Tout ce qui se produit est le résultat d’un ensemble de causes. Lorsque les causes et les conditions sont réunies, le corps est présent. Lorsque les causes et les conditions ne sont pas toutes réunies, le corps est absent. La même chose est vraie pour les yeux, les oreilles, le nez, la langue, l’esprit ; la forme, le son, l’odeur, le goût, le toucher, etc. Cela paraît abstrait, mais il est possible pour chacun de nous d’en avoir une compréhension profonde. Vous devez connaître la vraie nature de la mort pour connaître la vraie nature de la vie. Si vous ne comprenez pas la mort, vous ne comprenez pas la vie.

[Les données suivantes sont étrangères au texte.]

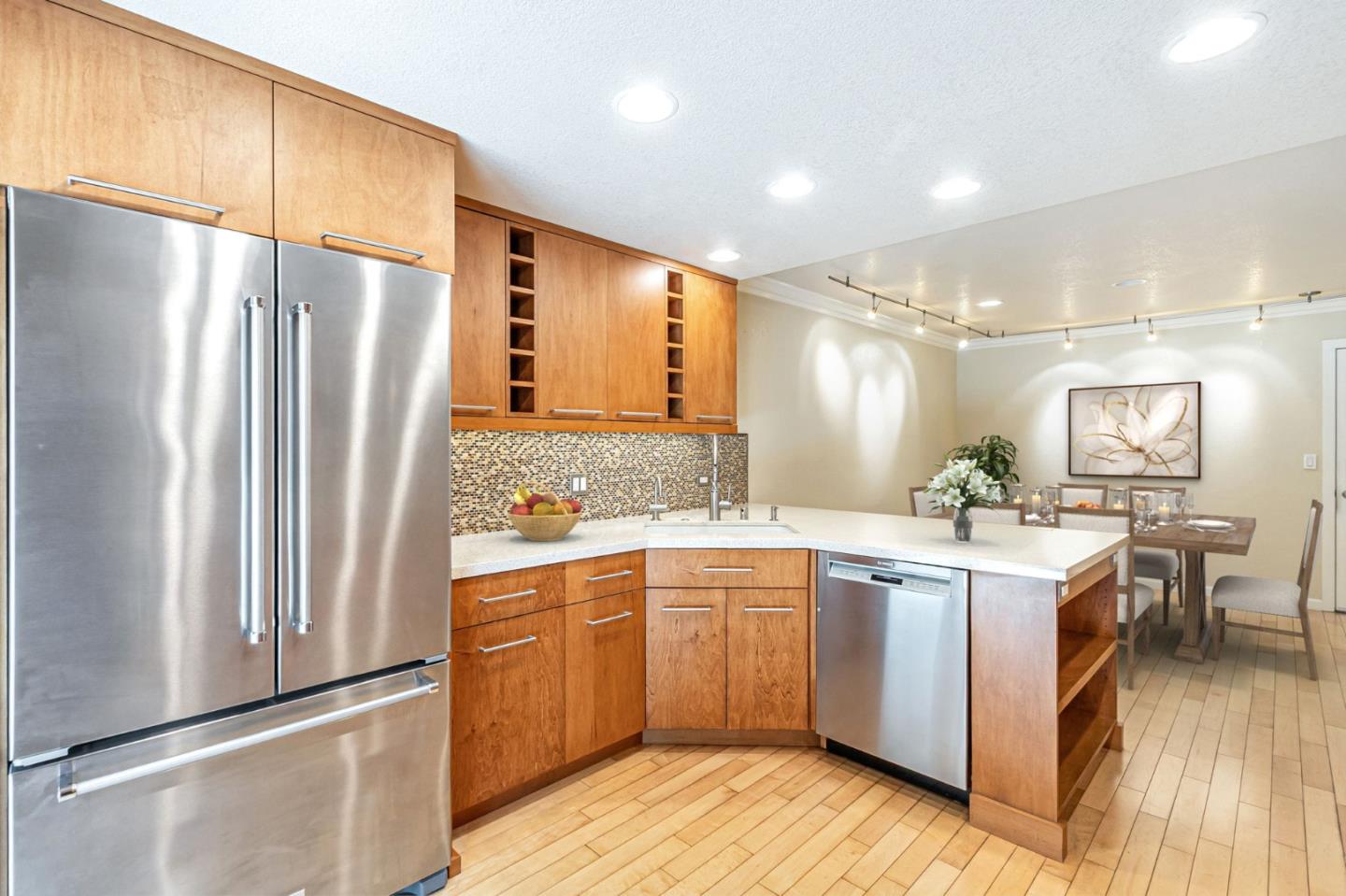 Detail Gallery Image 9 of 72 For 6619 Copperwood Cir, San Jose,  CA 95120 - 3 Beds | 2/1 Baths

Cet enseignement du Bouddha nous libère de la souffrance. La base de la souffrance, c’est l’ignorance de la vraie nature du soi et du monde autour de soi. Quand vous ne comprenez pas, vous avez peur et votre peur vous cause beaucoup de souffrance. C’est pourquoi le cadeau de la non-peur est le cadeau le plus précieux que vous puissiez faire à vous-même et à autrui.

Cette pratique importante, la pratique de la non-peur, implique de regarder profondément pour soulager la peur profonde qui est toujours là. Si vous éprouvez la non-peur, votre vie sera plus heureuse et plus belle et vous serez capable d’aider beaucoup de monde, tout comme Shariputra a aidé Anathapindika. Cette énergie de la non­ peur est la clé et la meilleure base de l’action sociale, des actions de compassion pour protéger les gens, protéger la terre et satisfaire votre besoin d’aimer et de servir.

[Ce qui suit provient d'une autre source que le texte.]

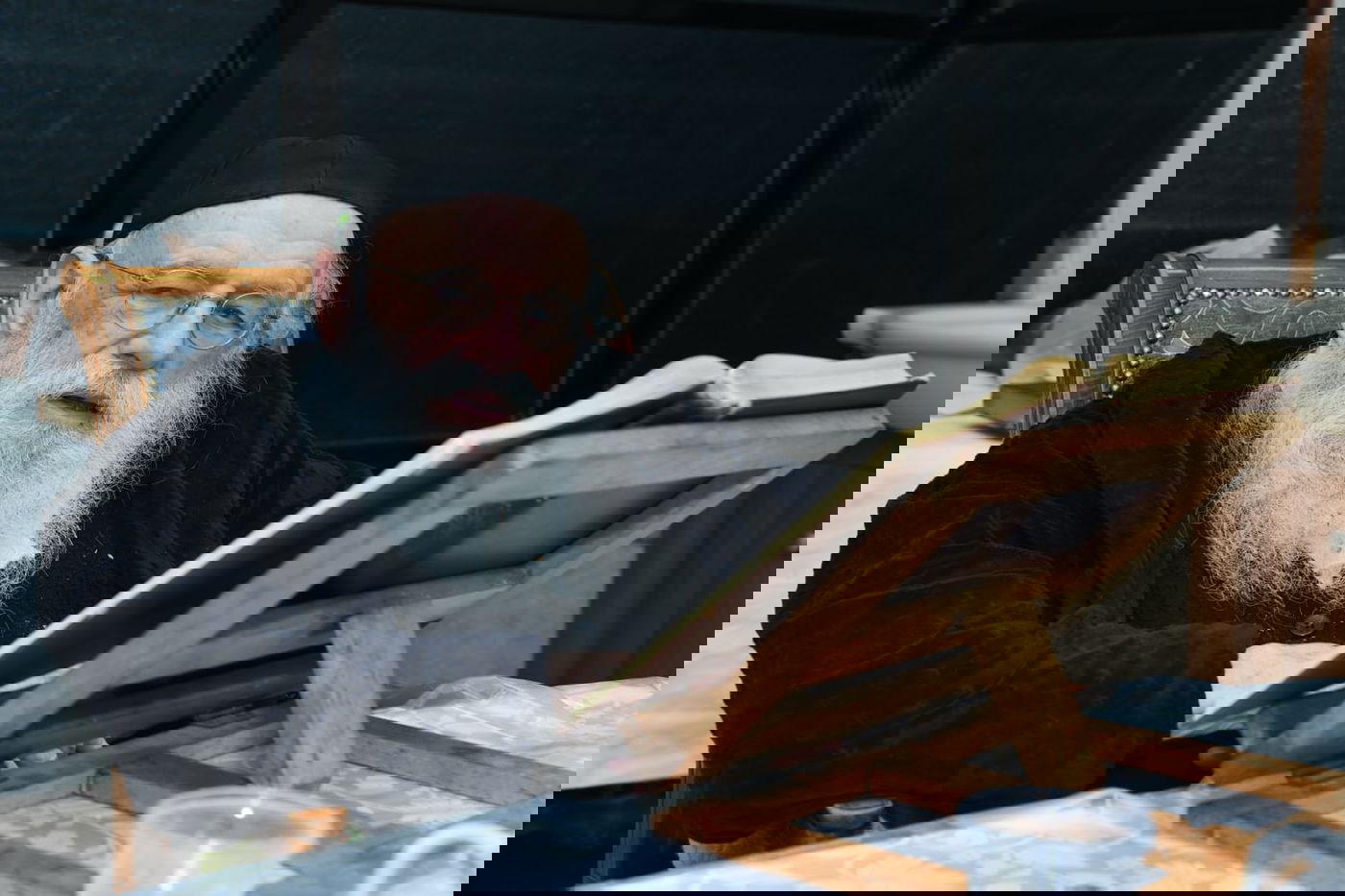 רגע נדיר: הגר"מ גריינמן שמח עם הנינה. צפו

Il est parfaitement possible de vivre heureux et de mourir en paix. Pour cela, il suffit de voir que nous continuons notre manifestation sous d’autres formes. Il est également possible d’aider les autres à mourir en paix, si nous avons les éléments de solidité et de non-peur en nous. Beaucoup parmi nous ont peur du non-être et, à cause de cette peur, souffrent beaucoup. C’est pourquoi la réalité que nous sommes une manifestation et une continuation de nombreuses manifestations devrait être révélée à la personne mourante. Alors nous ne sommes plus affectés par la peur de la naissance et de la mort parce que nous comprenons que la naissance et la mort ne sont que des concepts. Cette vision profonde peut nous libérer de la peur.

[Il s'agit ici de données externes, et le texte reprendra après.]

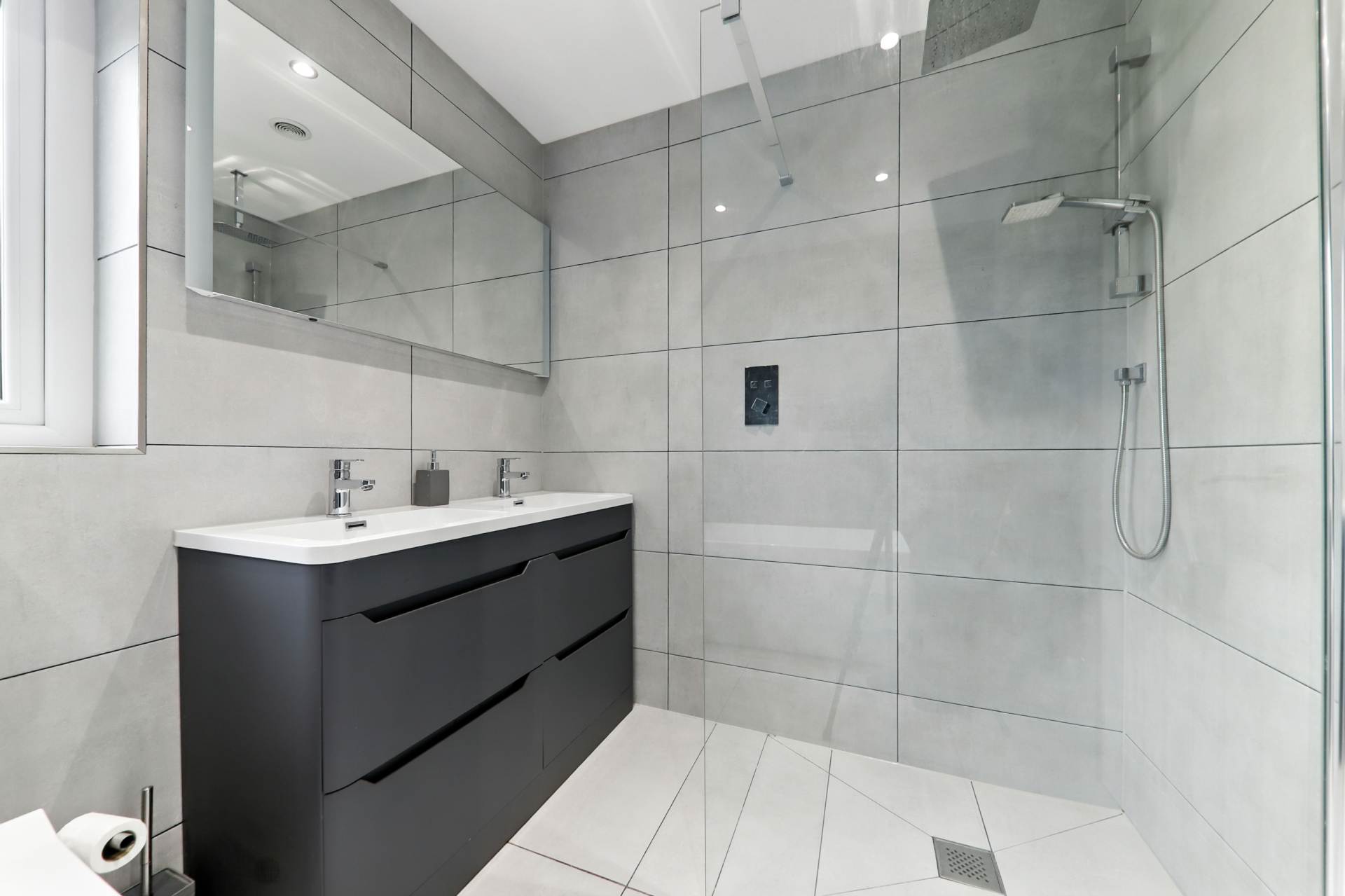 Additional Property Image 4 bedroom Detached for sale in Wakefield 19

Si nous savons comment pratiquer et pénétrer la réalité de la non-naissance et de la non-mort, si nous réalisons que venir et partir ne sont que des idées et si notre présence est solide et paisible, nous aidons le mourant à surmonter sa peur et à moins souffrir. Nous pouvons aider la personne à mourir en paix. Nous pouvons nous aider nous-mêmes à vivre sans peur et à mourir en paix dès lors que nous comprenons qu’il n’y a pas de mort, juste une continuation.

Et là, dans les derniers moments de sa vie, Anathapindika reçut le plus beau de tous les cadeaux, la non-peur, et il mourut d’une belle mort, paisible, sans souffrance ni peur.



Cet article est paru dans Sagesses Bouddhistes n°9 (Hiver 2019)

 


Né en 1926 au Vietnam central, Thich Nhât Hanh devient moine à l’âge de 16 ans. Maître bouddhiste zen vietnamien, poète, jardinier, inlassable défenseur de la paix, il figure parmi les personnalités les plus engagées du bouddhisme dans le monde occidental. Thich Nhât Hanh a fondé en 1982 la communauté du Village des Pruniers, situé dans le sud-ouest de la France.